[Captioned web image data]
_ _ _ _ _ _ _

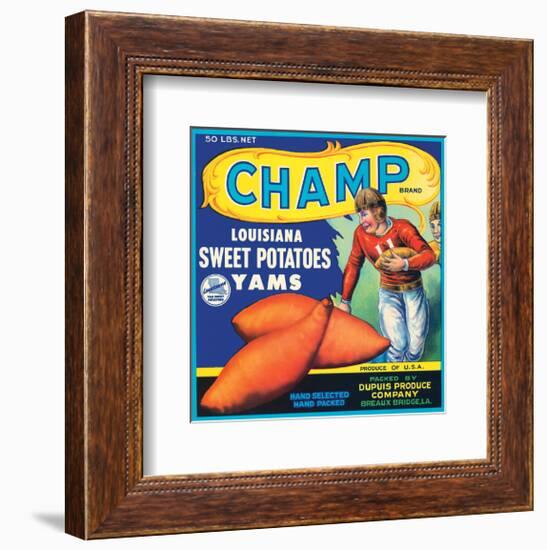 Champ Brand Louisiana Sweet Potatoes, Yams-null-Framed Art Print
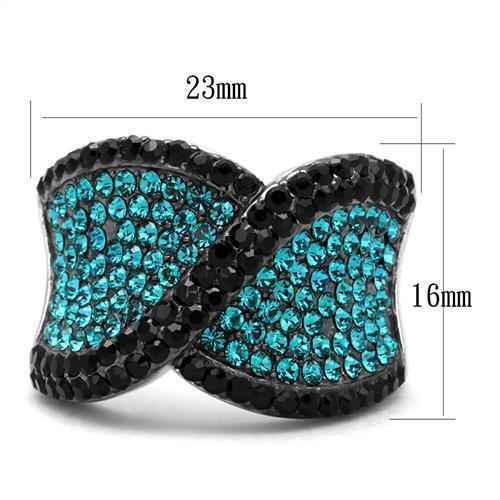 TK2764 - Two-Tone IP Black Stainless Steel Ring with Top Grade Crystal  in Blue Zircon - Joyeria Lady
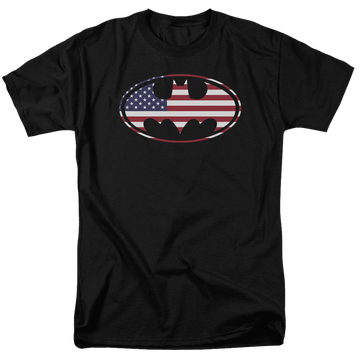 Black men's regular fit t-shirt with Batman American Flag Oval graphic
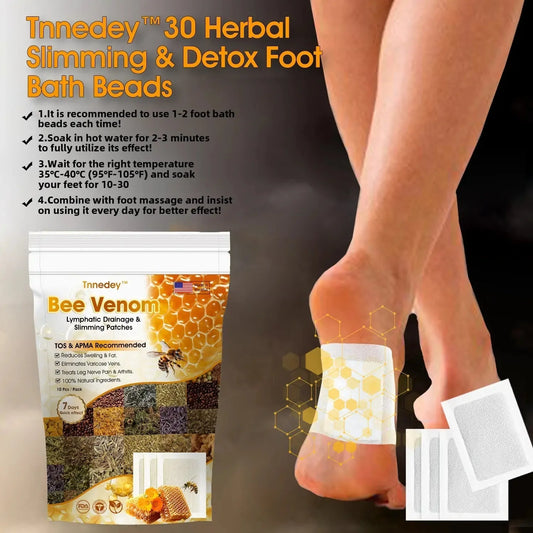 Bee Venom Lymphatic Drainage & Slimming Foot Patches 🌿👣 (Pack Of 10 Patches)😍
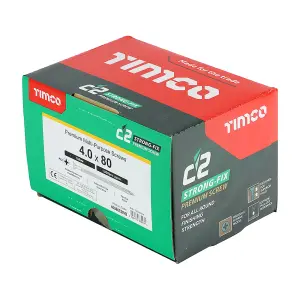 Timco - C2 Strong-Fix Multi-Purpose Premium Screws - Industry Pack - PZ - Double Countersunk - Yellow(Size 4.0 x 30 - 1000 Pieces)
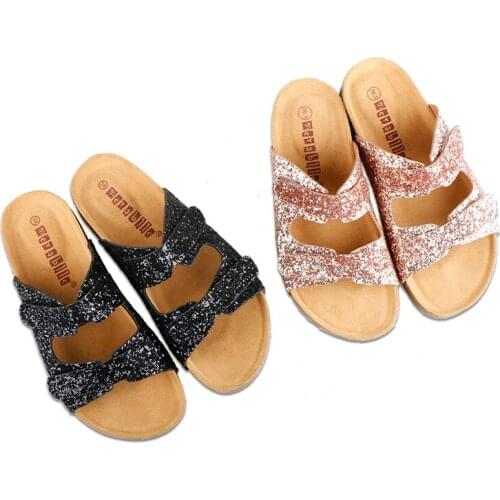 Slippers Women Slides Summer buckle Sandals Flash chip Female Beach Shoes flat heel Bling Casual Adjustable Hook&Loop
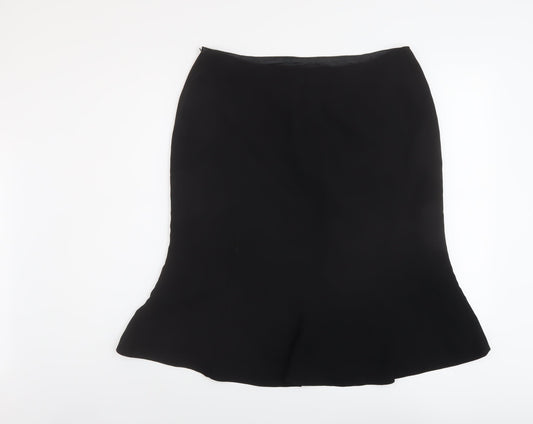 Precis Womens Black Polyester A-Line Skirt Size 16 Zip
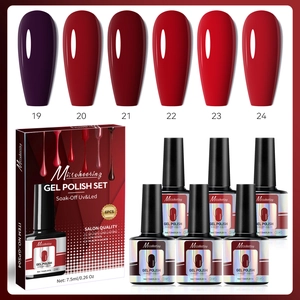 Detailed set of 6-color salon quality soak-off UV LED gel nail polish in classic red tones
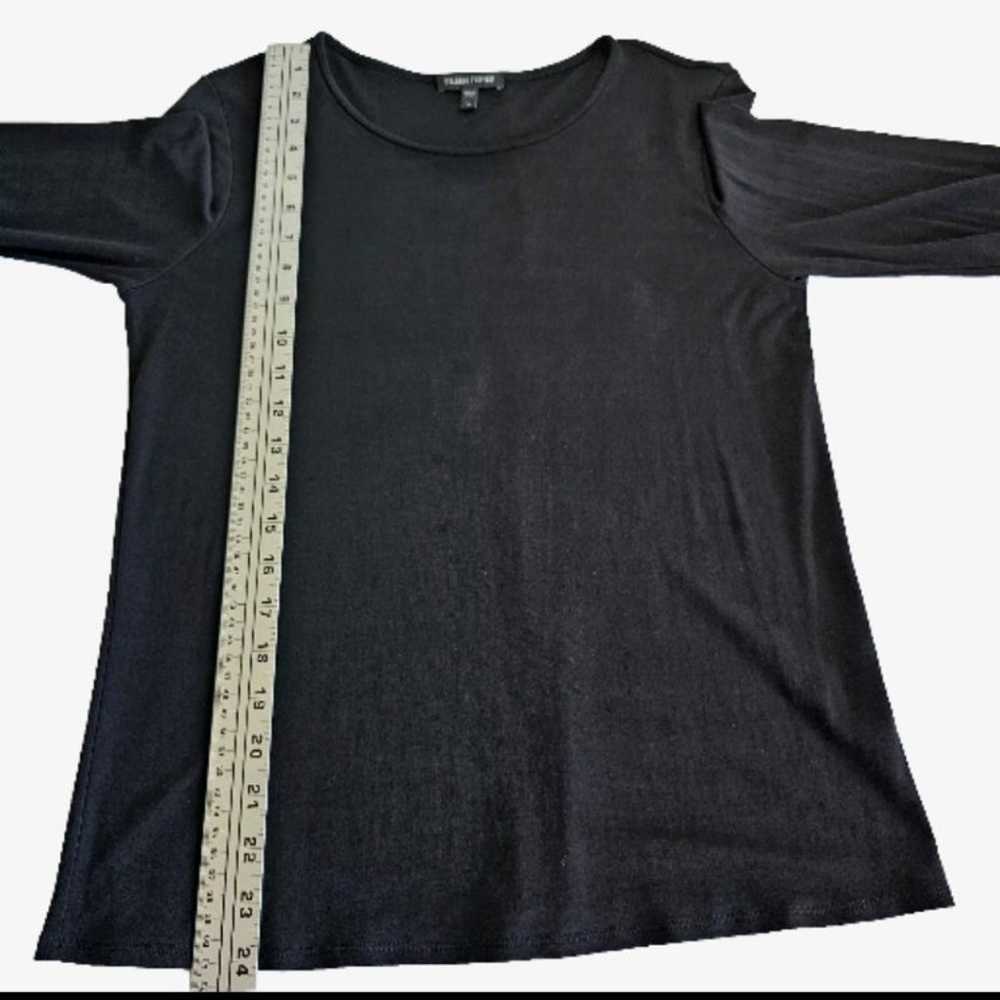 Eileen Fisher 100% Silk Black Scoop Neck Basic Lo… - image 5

_ _ _ _ _ _ _

PROBLEM STATEMENT
Return every entry unchanged and skip the pictures.

OUTPUT OF THE EXERCISE
 Champ Brand Louisiana Sweet Potatoes, Yams-null-Framed Art Print
 TK2764 - Two-Tone IP Black Stainless Steel Ring with Top Grade Crystal  in Blue Zircon - Joyeria Lady
 Black men's regular fit t-shirt with Batman American Flag Oval graphic
 Bee Venom Lymphatic Drainage & Slimming Foot Patches 🌿👣 (Pack Of 10 Patches)😍
 Timco - C2 Strong-Fix Multi-Purpose Premium Screws - Industry Pack - PZ - Double Countersunk - Yellow(Size 4.0 x 30 - 1000 Pieces)
 Slippers Women Slides Summer buckle Sandals Flash chip Female Beach Shoes flat heel Bling Casual Adjustable Hook&Loop
 Precis Womens Black Polyester A-Line Skirt Size 16 Zip
 Detailed set of 6-color salon quality soak-off UV LED gel nail polish in classic red tones
 Eileen Fisher 100% Silk Black Scoop Neck Basic Lo… - image 5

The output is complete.